Alarming rise in Balloon car Payments in South Africa
If you use a balloon car payments plan to buy your car it can reduce your monthly payments.
Although this scheme makes cars more affordable to a lot of people, it requires that a large, final sum is due before the car changes ownership.
The final amount must be paid in cash or another monthly payment re-negotiated.
A Balloon car payments Scheme can burst in Your face
In many cases, this has resulted in the potential buyer having to sell the vehicle to make payment of the ‘balloon’ amount.
A balloon car payments plan may seem like a good option at the time of purchase, as the scheme can reduce monthly payments by as much as one-third. However, this means that the one-third is still outstanding at the end of the agreement.
As that can be several years from the date of purchase, the car buyer has no way of knowing what their financial situation will be like at that time, and so may not be able to afford to pay.

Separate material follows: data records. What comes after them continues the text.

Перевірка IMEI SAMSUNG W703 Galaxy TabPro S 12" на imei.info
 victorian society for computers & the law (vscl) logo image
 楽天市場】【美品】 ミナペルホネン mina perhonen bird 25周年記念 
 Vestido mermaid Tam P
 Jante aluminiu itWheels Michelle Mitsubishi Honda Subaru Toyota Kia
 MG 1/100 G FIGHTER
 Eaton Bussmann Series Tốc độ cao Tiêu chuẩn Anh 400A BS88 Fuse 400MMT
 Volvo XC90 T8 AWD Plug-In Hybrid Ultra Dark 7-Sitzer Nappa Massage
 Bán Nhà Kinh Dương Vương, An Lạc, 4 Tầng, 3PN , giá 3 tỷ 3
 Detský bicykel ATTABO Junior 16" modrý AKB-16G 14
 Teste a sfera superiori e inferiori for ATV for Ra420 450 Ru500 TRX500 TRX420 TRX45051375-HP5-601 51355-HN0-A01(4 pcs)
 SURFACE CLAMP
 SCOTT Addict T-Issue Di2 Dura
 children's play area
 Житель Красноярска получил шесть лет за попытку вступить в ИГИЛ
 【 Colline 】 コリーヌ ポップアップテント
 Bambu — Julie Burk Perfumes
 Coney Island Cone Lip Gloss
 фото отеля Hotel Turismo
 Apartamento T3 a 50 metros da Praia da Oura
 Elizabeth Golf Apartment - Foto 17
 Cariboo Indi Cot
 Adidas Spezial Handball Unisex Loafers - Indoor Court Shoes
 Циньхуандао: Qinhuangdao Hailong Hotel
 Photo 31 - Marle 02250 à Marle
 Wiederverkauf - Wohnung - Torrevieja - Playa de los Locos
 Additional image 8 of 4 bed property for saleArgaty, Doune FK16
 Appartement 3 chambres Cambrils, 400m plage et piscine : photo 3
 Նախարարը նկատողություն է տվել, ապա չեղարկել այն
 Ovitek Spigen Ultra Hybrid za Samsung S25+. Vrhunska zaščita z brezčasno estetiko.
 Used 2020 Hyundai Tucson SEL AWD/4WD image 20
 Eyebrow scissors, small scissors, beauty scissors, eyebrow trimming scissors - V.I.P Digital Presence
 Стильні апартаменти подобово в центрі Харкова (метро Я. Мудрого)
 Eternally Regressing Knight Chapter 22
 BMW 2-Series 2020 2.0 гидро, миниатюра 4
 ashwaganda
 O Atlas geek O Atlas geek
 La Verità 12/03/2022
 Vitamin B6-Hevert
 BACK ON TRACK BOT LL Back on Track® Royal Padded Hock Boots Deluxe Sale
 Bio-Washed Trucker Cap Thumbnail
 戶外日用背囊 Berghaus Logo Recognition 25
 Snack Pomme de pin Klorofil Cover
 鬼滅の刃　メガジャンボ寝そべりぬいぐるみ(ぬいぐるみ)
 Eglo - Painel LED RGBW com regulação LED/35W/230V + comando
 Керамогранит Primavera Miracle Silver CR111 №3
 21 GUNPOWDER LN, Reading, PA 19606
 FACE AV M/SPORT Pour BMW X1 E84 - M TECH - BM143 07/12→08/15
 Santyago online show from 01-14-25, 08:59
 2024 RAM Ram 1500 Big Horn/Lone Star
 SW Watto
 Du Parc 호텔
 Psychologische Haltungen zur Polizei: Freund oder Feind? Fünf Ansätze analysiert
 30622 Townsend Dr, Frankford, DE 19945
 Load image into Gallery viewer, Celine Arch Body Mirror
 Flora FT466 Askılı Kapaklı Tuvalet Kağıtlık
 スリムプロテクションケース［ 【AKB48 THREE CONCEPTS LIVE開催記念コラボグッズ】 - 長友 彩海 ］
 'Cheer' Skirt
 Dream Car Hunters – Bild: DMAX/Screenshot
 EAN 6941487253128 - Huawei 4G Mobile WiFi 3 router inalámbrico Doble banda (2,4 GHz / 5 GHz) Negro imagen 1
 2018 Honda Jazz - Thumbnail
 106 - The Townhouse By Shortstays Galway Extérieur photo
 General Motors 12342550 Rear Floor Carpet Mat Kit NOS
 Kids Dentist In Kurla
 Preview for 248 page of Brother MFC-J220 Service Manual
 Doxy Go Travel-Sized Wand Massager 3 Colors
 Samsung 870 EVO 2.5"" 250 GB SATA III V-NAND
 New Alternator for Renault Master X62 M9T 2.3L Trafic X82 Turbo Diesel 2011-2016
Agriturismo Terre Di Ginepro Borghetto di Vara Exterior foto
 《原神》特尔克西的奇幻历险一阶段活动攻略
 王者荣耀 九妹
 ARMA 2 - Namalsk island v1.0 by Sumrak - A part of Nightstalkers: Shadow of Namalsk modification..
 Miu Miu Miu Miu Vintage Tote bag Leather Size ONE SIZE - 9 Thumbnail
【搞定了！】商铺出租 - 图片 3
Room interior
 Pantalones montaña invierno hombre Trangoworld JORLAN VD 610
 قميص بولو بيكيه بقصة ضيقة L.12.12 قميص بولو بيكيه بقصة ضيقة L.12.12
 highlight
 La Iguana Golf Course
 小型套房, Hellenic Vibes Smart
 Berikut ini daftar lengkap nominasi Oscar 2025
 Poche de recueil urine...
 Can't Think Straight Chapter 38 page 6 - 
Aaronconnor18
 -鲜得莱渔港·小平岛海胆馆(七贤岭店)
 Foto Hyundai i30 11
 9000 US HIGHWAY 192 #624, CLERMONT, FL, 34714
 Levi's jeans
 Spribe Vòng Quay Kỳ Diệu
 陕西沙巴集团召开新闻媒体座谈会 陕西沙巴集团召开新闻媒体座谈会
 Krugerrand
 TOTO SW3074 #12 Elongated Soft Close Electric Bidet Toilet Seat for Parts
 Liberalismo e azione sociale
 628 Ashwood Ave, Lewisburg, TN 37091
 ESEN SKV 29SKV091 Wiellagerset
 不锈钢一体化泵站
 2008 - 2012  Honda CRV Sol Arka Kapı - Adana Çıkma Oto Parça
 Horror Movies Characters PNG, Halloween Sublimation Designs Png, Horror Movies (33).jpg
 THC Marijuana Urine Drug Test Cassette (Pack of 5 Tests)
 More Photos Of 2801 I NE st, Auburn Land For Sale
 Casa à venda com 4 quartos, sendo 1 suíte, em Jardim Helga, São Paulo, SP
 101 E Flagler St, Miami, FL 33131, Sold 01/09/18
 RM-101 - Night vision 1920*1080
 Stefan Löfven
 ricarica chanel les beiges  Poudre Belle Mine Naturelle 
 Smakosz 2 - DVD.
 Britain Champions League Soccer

Balloon car payments On the Rise
Despite people having trouble paying for the ‘balloon’ plan, the car dealerships can sell more cars by using the system. Sales of cars using the balloon method of payment are increasing by as much as 10% per year.
Obviously, the dealerships are not concerned with the potential problems the car buyer may face in the future. As long as they sign the agreement today, the dealership makes its sale and is happy.
Serious concerns Exist with this System of Payment
Neil Roets, the CEO of Debt Rescue, a debt management company, has serious concerns about the increase in balloon agreements.
His concerns are that more people are finding themselves in financial trouble due to these agreements. Often leaving them unable to pay education costs for their children or facing other financial problems.
Although legal, he is concerned that many South Africans are not well enough educated to fully understand all the implications of such an agreement and the dealerships are using this to their advantage.
The future’s Not what it Used to be
Roets says that many buyers using the balloon system believe that their financial situation will improve. And by the time the final payment is due they can meet it. But often that is not the case, and so they find themselves in a financial crisis.
Roets is now urging that the education system and individual states, fully educate South African’s on the potential implications of making a balloon agreement. Education should emphasise the pitfalls associated with a balloon accord.
If Roets concerns get ignored, many more South Africans could find themselves in severe financial problems.